As far as the characters these actors will play, or how much screen time they'll have, well, that remains largely a mystery. Deadline reported that Ford’s part won’t merely be a cameo, but that he has a “gigantic role” in the upcoming film, while it’s rumored that Driver will play a Darth Vader-like antagonist. There’s also been online speculation that Boyega will play a Han Solo-esque rebel, and that the film will potentially incorporate the descendents of Luke Skywalker’s Jedi mentor, Obi-Wan Kenobi (originally played by Alec Guinness), as well as the offspring of Han Solo and Princess Leia.

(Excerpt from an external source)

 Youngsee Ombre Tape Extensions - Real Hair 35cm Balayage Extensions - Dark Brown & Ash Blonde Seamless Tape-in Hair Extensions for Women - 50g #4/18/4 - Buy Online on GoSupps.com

And just last week, Lucasfilm released a statement regarding the role that Star Wars creator George Lucas’s Expanded Universe might play in the upcoming series of films, saying that the films are “not beholden to the EU”:
“While Lucasfilm always strived to keep the stories created for the EU consistent with our film and television content as well as internally consistent, Lucas always made it clear that he was not beholden to the EU. [Lucas] set the films he created as the canon. This includes the six Star Wars episodes, and the many hours of content he developed and produced in Star Wars: The Clone Wars. These stories are the immovable objects of Star Wars history, the characters and events to which all other tales must align. Now, with an exciting future filled with new cinematic installments of Star Wars, all aspects of Star Wars storytelling moving forward will be connected. Under Lucasfilm President Kathleen Kennedy’s direction, the company for the first time ever has formed a story group to oversee and coordinate all Star Wars creative development.”
Back in October 2012, Walt Disney purchased Lucasfilm—including the rights to all the Star Wars content—in a blockbuster $4.05 billion deal, with George Lucas receiving 40 million shares of Disney stock, becoming the second-largest non-institutional shareholder of Disney behind the estate of the late Apple co-founder Steve Jobs.
“For the past 35 years, one of my greatest pleasures has been to see Star Wars passed from one generation to the next,” said Lucas, chairman and CEO of Lucasfilm, in a statement. “It's now time for me to pass Star Wars on to a new generation of filmmakers.”